Anthropic releases open-source framework for autonomous AI vulnerability discovery
Anthropic has published a reference harness to help security teams build custom pipelines for finding and fixing code vulnerabilities, though the company notes that autonomous triage remains an open technical challenge.
Anthropic has published an open-source reference implementation on GitHub, titled 'defending-code-reference-harness', designed to assist security teams in constructing custom pipelines for the autonomous discovery and remediation of code vulnerabilities. The framework utilises the Claude AI model to facilitate threat modelling, scanning, triage, and patching, drawing on learnings from partnerships with security teams during the launch of the 'Claude Mythos Preview'.
The repository provides a structured approach for organisations to move from interactive skills to autonomous operations. The recommended implementation follows a phased timeline, beginning with interactive threat modelling and static scanning on the first day, followed by an autonomous run on a known-vulnerable open-source library on the second day. Subsequent days involve customising the harness for specific targets, with the second week introducing an outer loop for continuous scanning and triage.

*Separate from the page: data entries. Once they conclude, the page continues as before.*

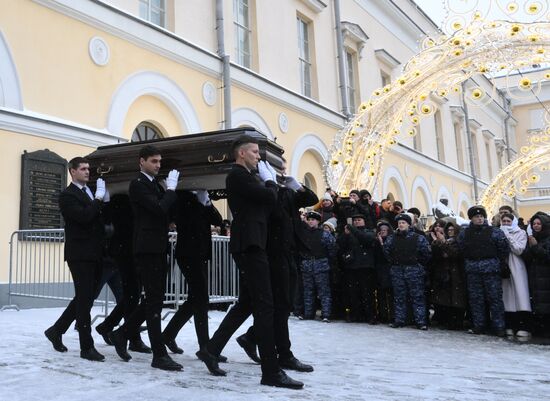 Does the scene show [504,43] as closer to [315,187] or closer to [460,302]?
[460,302]

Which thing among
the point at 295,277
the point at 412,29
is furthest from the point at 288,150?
the point at 412,29

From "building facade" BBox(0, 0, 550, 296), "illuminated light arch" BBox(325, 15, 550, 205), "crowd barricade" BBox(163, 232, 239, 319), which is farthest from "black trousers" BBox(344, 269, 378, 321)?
"building facade" BBox(0, 0, 550, 296)

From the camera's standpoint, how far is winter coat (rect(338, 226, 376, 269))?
8234 millimetres

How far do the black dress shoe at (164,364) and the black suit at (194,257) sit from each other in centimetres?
32

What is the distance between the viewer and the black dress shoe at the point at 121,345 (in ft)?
15.1

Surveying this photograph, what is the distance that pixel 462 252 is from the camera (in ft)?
24.6

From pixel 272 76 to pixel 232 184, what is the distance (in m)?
10.4

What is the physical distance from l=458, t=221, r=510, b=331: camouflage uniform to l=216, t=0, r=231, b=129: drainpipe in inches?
237

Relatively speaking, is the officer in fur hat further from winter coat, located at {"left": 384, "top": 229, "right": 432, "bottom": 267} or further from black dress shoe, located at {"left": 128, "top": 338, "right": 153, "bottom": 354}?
black dress shoe, located at {"left": 128, "top": 338, "right": 153, "bottom": 354}

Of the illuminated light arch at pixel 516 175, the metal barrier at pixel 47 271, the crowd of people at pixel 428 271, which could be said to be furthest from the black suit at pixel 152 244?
the illuminated light arch at pixel 516 175

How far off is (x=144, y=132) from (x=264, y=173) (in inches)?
271

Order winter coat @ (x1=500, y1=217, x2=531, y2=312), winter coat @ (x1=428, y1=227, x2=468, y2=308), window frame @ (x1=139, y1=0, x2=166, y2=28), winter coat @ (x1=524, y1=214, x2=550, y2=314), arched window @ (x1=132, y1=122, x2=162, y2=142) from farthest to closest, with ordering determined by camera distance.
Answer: window frame @ (x1=139, y1=0, x2=166, y2=28), arched window @ (x1=132, y1=122, x2=162, y2=142), winter coat @ (x1=428, y1=227, x2=468, y2=308), winter coat @ (x1=500, y1=217, x2=531, y2=312), winter coat @ (x1=524, y1=214, x2=550, y2=314)

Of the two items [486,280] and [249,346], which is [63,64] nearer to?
[249,346]

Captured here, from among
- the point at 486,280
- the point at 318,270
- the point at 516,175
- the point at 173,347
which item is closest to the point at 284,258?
the point at 173,347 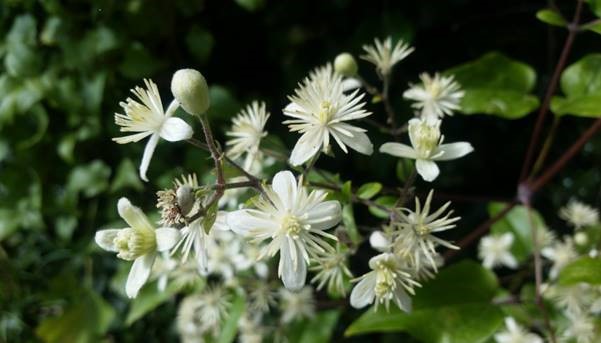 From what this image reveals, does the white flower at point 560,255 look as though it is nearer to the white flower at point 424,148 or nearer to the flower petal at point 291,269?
the white flower at point 424,148

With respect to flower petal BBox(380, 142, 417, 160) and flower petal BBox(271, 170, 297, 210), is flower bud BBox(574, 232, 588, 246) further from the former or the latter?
flower petal BBox(271, 170, 297, 210)

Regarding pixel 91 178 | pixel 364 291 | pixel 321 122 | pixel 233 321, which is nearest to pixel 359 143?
pixel 321 122

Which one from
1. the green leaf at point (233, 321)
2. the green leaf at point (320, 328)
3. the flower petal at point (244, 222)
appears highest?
the flower petal at point (244, 222)

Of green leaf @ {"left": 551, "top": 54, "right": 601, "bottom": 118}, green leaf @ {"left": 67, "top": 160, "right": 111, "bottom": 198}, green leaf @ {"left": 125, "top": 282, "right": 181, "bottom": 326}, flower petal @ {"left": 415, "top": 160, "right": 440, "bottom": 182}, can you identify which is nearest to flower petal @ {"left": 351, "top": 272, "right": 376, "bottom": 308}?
flower petal @ {"left": 415, "top": 160, "right": 440, "bottom": 182}

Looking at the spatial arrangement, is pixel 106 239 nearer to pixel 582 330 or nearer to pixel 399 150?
pixel 399 150

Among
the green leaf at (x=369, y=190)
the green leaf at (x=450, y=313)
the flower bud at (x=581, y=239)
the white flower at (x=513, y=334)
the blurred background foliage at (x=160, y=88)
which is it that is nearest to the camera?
the green leaf at (x=369, y=190)

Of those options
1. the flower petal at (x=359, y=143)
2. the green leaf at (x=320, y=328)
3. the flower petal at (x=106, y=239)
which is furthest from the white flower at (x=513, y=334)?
the flower petal at (x=106, y=239)

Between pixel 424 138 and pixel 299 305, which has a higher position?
pixel 424 138

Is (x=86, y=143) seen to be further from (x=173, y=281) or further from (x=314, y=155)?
(x=314, y=155) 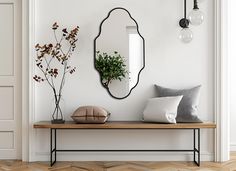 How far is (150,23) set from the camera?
14.3 feet

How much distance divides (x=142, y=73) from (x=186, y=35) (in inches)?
29.8

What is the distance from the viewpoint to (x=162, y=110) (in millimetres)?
3941

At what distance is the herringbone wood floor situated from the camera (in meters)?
3.90

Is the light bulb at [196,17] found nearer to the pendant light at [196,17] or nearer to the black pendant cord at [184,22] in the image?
the pendant light at [196,17]

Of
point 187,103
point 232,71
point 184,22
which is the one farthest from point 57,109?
point 232,71

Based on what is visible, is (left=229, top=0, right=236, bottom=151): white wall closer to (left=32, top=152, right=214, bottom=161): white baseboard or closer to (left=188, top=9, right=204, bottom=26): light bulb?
(left=32, top=152, right=214, bottom=161): white baseboard

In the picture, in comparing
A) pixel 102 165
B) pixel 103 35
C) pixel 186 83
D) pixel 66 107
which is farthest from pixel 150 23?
pixel 102 165

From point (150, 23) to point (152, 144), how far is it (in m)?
1.60

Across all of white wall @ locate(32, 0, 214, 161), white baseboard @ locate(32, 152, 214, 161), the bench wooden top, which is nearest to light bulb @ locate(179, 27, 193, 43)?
white wall @ locate(32, 0, 214, 161)

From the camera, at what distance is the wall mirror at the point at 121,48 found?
4340mm

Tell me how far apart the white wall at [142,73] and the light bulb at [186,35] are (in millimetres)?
256

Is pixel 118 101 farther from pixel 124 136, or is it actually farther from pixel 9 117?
pixel 9 117

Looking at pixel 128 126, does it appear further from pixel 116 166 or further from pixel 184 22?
pixel 184 22

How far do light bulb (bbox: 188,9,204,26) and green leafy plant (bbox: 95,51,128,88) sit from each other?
101 centimetres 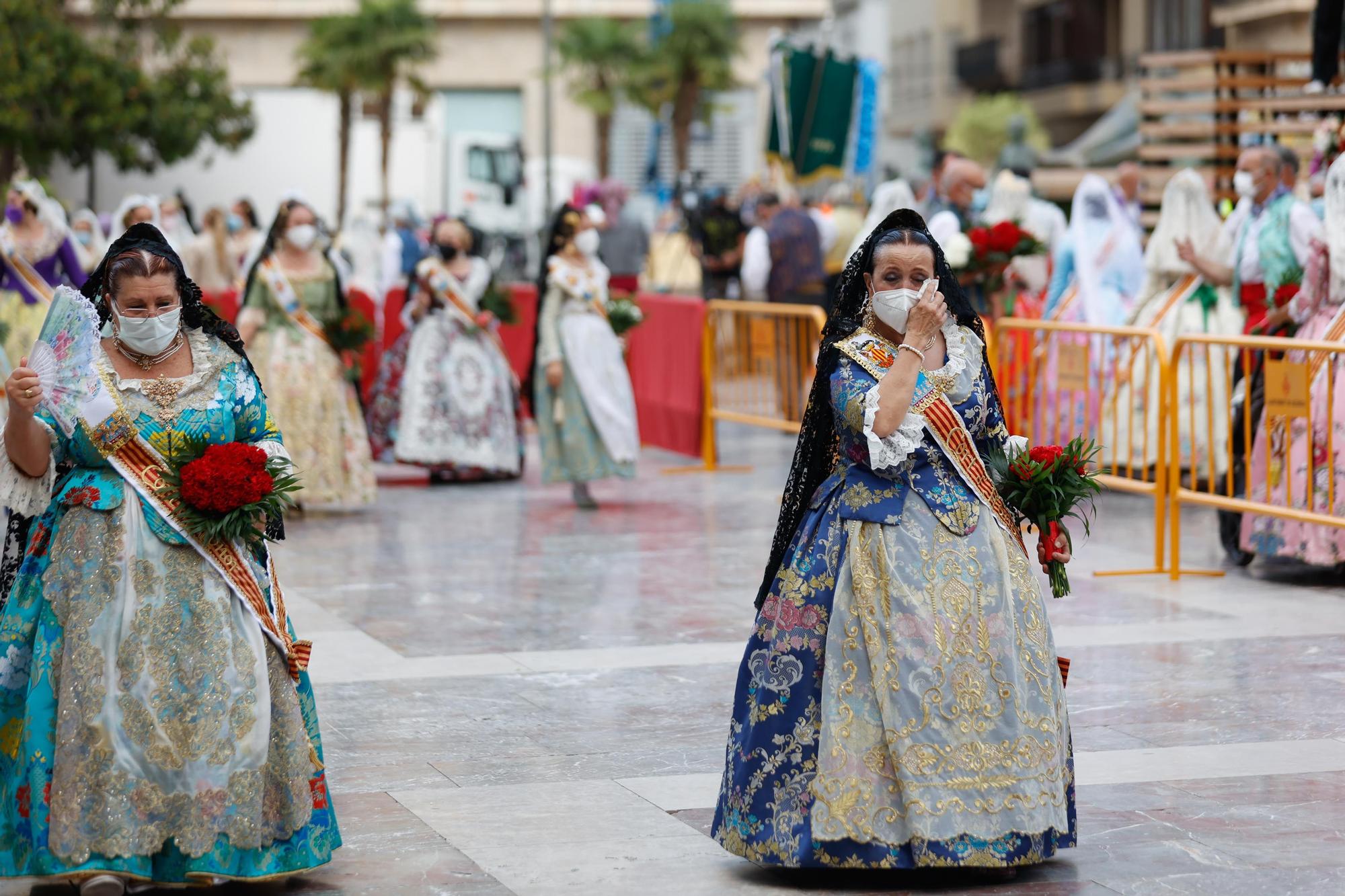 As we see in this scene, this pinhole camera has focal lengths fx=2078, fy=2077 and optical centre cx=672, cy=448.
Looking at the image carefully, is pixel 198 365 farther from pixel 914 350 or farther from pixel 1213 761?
pixel 1213 761

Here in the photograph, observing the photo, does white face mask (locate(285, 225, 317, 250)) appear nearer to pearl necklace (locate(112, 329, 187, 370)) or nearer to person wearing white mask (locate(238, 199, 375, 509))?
person wearing white mask (locate(238, 199, 375, 509))

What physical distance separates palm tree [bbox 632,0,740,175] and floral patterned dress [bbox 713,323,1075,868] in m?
41.1

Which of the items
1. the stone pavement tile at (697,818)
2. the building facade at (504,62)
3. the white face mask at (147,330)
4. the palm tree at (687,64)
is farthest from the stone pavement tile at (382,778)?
A: the building facade at (504,62)

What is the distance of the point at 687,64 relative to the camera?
4769cm

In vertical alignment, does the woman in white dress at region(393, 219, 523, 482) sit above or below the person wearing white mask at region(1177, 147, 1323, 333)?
below

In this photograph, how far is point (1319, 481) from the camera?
9.55 metres

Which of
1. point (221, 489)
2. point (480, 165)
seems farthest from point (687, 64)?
point (221, 489)

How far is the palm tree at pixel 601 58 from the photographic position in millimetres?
49469

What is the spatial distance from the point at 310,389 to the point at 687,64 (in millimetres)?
36165

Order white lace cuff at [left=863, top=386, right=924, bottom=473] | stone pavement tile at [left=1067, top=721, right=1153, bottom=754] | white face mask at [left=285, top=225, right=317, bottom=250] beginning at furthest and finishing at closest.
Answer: white face mask at [left=285, top=225, right=317, bottom=250] → stone pavement tile at [left=1067, top=721, right=1153, bottom=754] → white lace cuff at [left=863, top=386, right=924, bottom=473]

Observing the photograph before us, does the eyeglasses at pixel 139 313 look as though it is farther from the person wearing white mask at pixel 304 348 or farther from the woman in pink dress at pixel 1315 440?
the person wearing white mask at pixel 304 348

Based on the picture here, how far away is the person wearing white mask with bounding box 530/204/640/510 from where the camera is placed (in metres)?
12.5

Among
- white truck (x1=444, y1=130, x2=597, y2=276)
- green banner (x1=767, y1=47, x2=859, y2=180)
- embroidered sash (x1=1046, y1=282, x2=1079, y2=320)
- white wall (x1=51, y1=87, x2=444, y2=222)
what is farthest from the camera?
white truck (x1=444, y1=130, x2=597, y2=276)

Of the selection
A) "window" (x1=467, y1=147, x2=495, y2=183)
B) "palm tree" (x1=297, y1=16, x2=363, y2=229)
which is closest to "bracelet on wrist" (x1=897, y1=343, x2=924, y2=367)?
"window" (x1=467, y1=147, x2=495, y2=183) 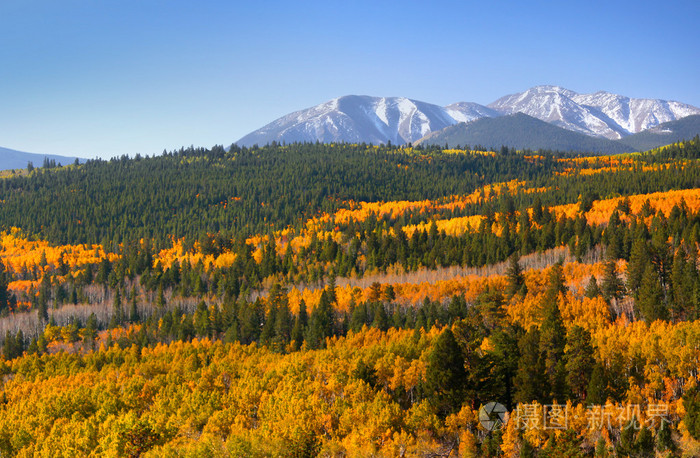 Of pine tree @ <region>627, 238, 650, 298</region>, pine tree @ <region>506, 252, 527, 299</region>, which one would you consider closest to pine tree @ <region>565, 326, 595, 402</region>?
pine tree @ <region>506, 252, 527, 299</region>

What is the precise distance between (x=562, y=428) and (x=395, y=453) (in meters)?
17.8

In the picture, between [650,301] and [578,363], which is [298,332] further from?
[578,363]

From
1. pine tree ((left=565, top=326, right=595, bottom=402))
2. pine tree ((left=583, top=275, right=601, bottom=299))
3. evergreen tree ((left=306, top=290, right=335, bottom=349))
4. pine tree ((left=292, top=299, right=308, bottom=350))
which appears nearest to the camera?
pine tree ((left=565, top=326, right=595, bottom=402))

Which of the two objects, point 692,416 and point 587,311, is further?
point 587,311

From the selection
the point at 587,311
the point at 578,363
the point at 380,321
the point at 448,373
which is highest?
the point at 448,373

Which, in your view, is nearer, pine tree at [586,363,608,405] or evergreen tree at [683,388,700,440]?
evergreen tree at [683,388,700,440]

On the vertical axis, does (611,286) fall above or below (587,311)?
above

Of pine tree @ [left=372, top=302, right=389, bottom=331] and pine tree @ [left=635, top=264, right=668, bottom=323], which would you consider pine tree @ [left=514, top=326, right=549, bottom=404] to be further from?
pine tree @ [left=372, top=302, right=389, bottom=331]

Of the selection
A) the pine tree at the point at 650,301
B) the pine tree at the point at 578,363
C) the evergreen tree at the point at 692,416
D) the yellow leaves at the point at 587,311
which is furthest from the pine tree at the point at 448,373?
the pine tree at the point at 650,301

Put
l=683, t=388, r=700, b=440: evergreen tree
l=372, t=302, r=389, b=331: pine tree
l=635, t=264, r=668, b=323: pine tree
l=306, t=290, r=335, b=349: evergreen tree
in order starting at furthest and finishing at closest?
l=372, t=302, r=389, b=331: pine tree < l=306, t=290, r=335, b=349: evergreen tree < l=635, t=264, r=668, b=323: pine tree < l=683, t=388, r=700, b=440: evergreen tree

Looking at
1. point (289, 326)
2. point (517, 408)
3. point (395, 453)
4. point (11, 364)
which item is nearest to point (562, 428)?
point (517, 408)

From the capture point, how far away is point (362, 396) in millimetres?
72500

While the reference pipeline is optimised for identifying memory vulnerabilities in C and C++ code, its architecture is generic enough to be ported to other languages or vulnerability classes. The system includes mechanisms to deduplicate findings across multiple runs and recalibrate severity ratings against a custom threat model. It supports integration with various Claude API access points, including Bedrock, Vertex, or Azure.
Security protocols within the framework are strict, requiring the autonomous reference pipeline to execute within a gVisor sandbox unless explicitly overridden. In contrast, interactive skills are read- and write-only and can run unsandboxed if tool use is approved. The pipeline is designed to verify and deduplicate its own findings, with the triage component collapsing duplicates across runs and routing findings to component owners.
Anthropic explicitly states that the repository is not actively maintained and does not accept external contributions. The company notes that autonomous triage and patching remain open technical challenges, with verified patches not always being upstreamable. For organisations seeking a managed solution, Anthropic directs users to 'Claude Security', a hosted product that provides a multi-stage verification pipeline to reduce false positives and manage findings through their lifecycle.